Begin with the line holding "盘先生脸部被风筝线划伤。图源：南充市应急管理局" and end with the last line of the records below. Set down exactly those lines and leave out every picture.
--- RECORDS SHOWN Enclosed Below ---
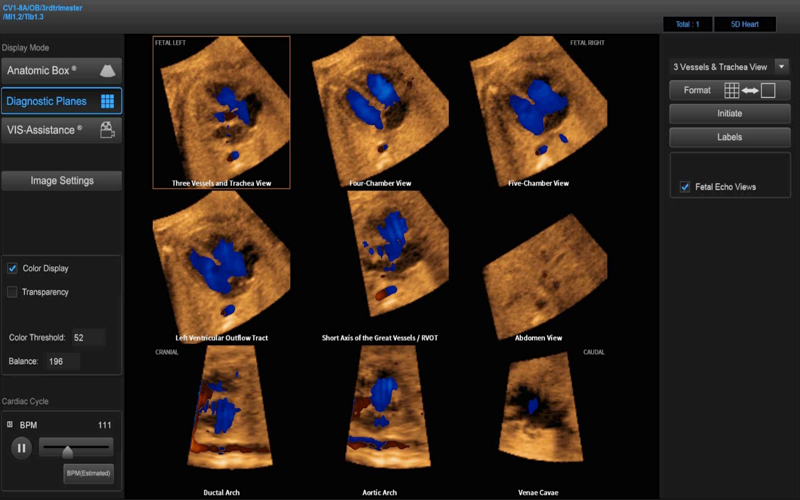 Программа 5D Fetal Heart Color (эхокардиография плода) - 9 стандартных плоскостей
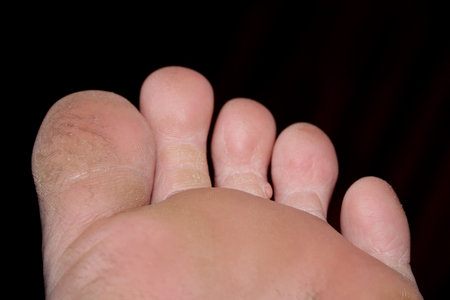 Close up of cracked dry skin on toe foot, dermal health and disease conceptの写真素材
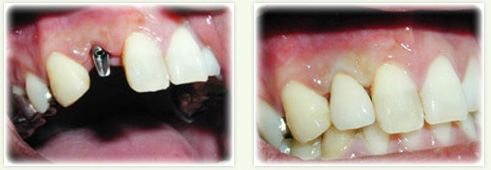 上の歯にインプラントを埋入した症例紹介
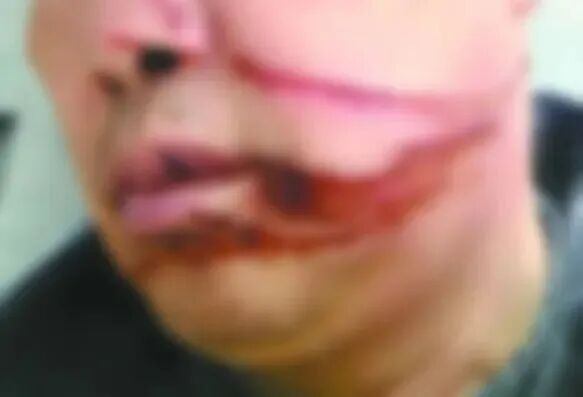 盘先生脸部被风筝线划伤。图源：南充市应急管理局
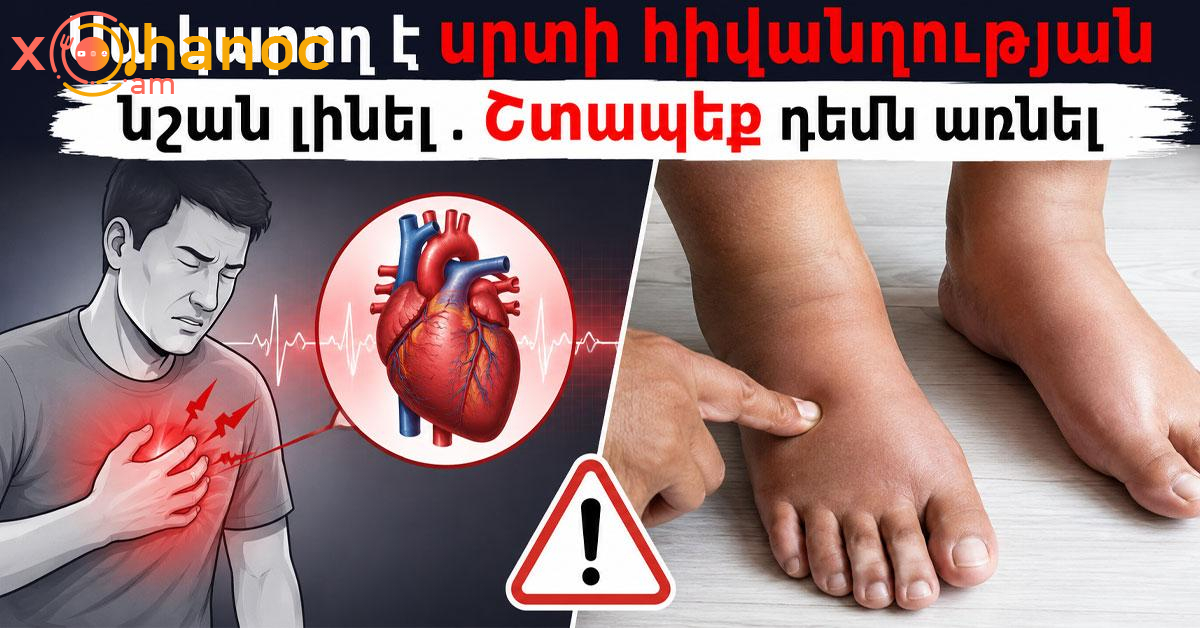Սա կարող է սրտի հիվանդության նշան լինել․ Շտապեք դեմն առնել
--- End of Enclosed RECORDS SHOWN ---
• _SOLUTION FOR THIS PROBLEM_:
 盘先生脸部被风筝线划伤。图源：南充市应急管理局
Սա կարող է սրտի հիվանդության նշան լինել․ Շտապեք դեմն առնել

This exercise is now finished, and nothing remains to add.